Defensemen who can play the minutes Girardi plays are pretty rare these days. To play the minutes-to play physical and to make very few trips to the penalty box--to play with assorted hurts but miss very few games. To be always out on the ice against the best players in the league. That's dependability. Coaches love dependability. He is our best right side guy and good right side guys are harder to find than good left side guys. Girardi might not be quite on the level of McDonagh or Staal but he is still very very good.
As for the notion that he plays worse with Del Zotto--that's not just on Girardi--that's on Del Zotto too. The better defense partner you play with the better results you should have. McDonagh and Staal by the way both love playing with Dan.
Statistics don't always tell the whole story. Sometimes I think people already have their conclusions and just need to find and arrange the evidence in the best way that supports their argument.

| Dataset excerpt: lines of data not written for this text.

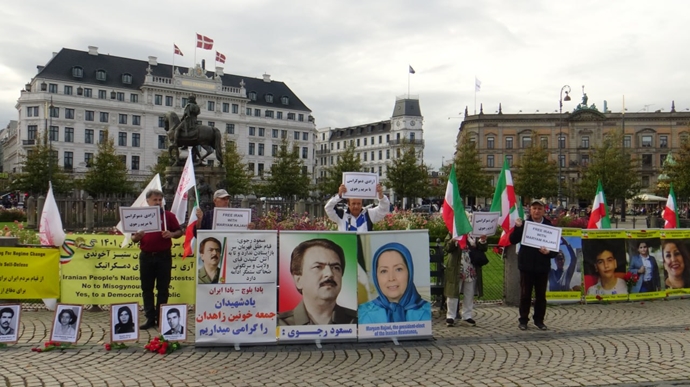 کپنهاک - آکسیون ایرانیان آزاده در همبستگی با قیام سراسری و جمعه خونین زاهدان - ۷مهر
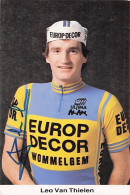 Vélo - Cyclisme - Coureur Cycliste Leo Van Thielen - Team Europ Decor - 1988 - Cycling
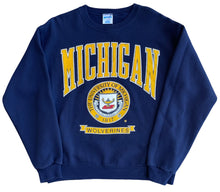 Load image into Gallery viewer, 90s University of Michigan Crewneck Sweatshirt (L)
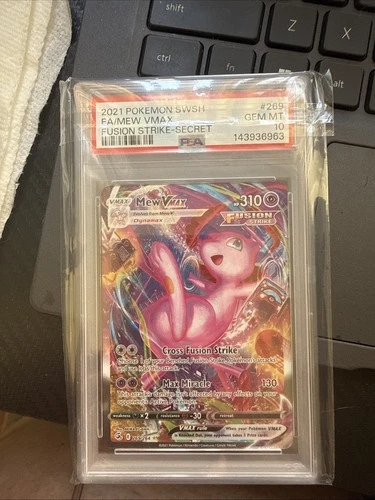 Pokemon 2021 Mew VMAX 269/264 Full Art SR Fusion Strike GEM MINT PSA 10
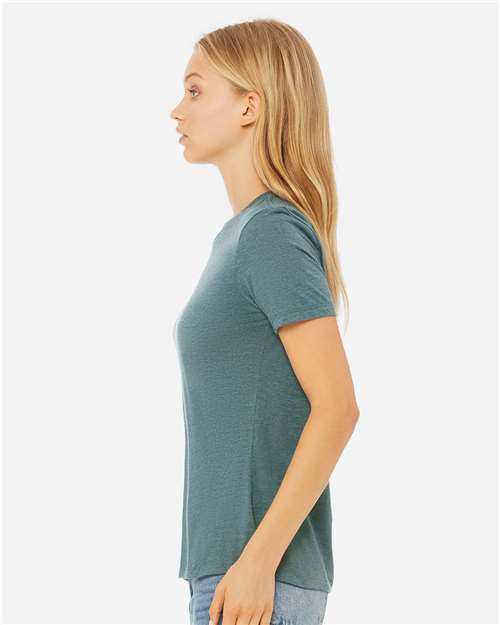 Women's Relaxed Fit Heather CVC Tee - 6400CVC 122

I want to address your last point first, that definitely happens way too much and I think it is one of the primary reasons that many people are big sceptics of statistics.
I want to emphasize that while I do believe in statistics, I try my hardest to not work that way. I always try to provide the correct context and I would never consciously hide a statistic that disproved my point.
Regarding Girardi and his dependability, I think there is a lot of confirmation bias hiding his true value.
Yes, Girardi has seemingly handled first pairing minutes well. But a vast majority of these minutes were with McDonagh/Staal. When we look at them apart, as shown in the linked post, Staal/McDonagh improve while Girardi suffers. That is an odd outcome if Girardi is our best RHD, wouldn't the results on both sides of the equation suffer if Girardi was better than the other RHD's?
And I don't doubt that they enjoy playing with Dan, he always gives his all and is good at the obvious defensive plays, hits and blocks. He is likely our best RHD at preventing goals when the other team has the puck. But he is probably our worst RHD at preventing those types of situations. In the long run that is more detrimental than a defenceman that has some misplays but on the whole allows a lot fewer chances.
I'll post the famous Dave Tippett quote:
"I'll give you an example. We had a player that was supposed to be a great, shutdown defenseman. He was supposedly the be-all, end-all of defensemen. But when you did a 10-game analysis of him, you found out he was defending all the time because he can't move the puck. Then we had another guy, who supposedly couldn't defend a lick. Well, he was defending only 20 percent of the time because he's making good plays out of our end. He may not be the strongest defender, but he's only doing it 20 percent of the time. So the equation works out better the other way. I ended up trading the other defenseman."
I've always loved Girardi, there is definitely nothing personal here, he seems like a great guy and you have to love it when an undrafted player becomes an all-star. But the more I've looked in to him this summer, the more I see an average player pushed to stardom by his superior peers (McDoangh, Staal and maybe most of all Lundqvist).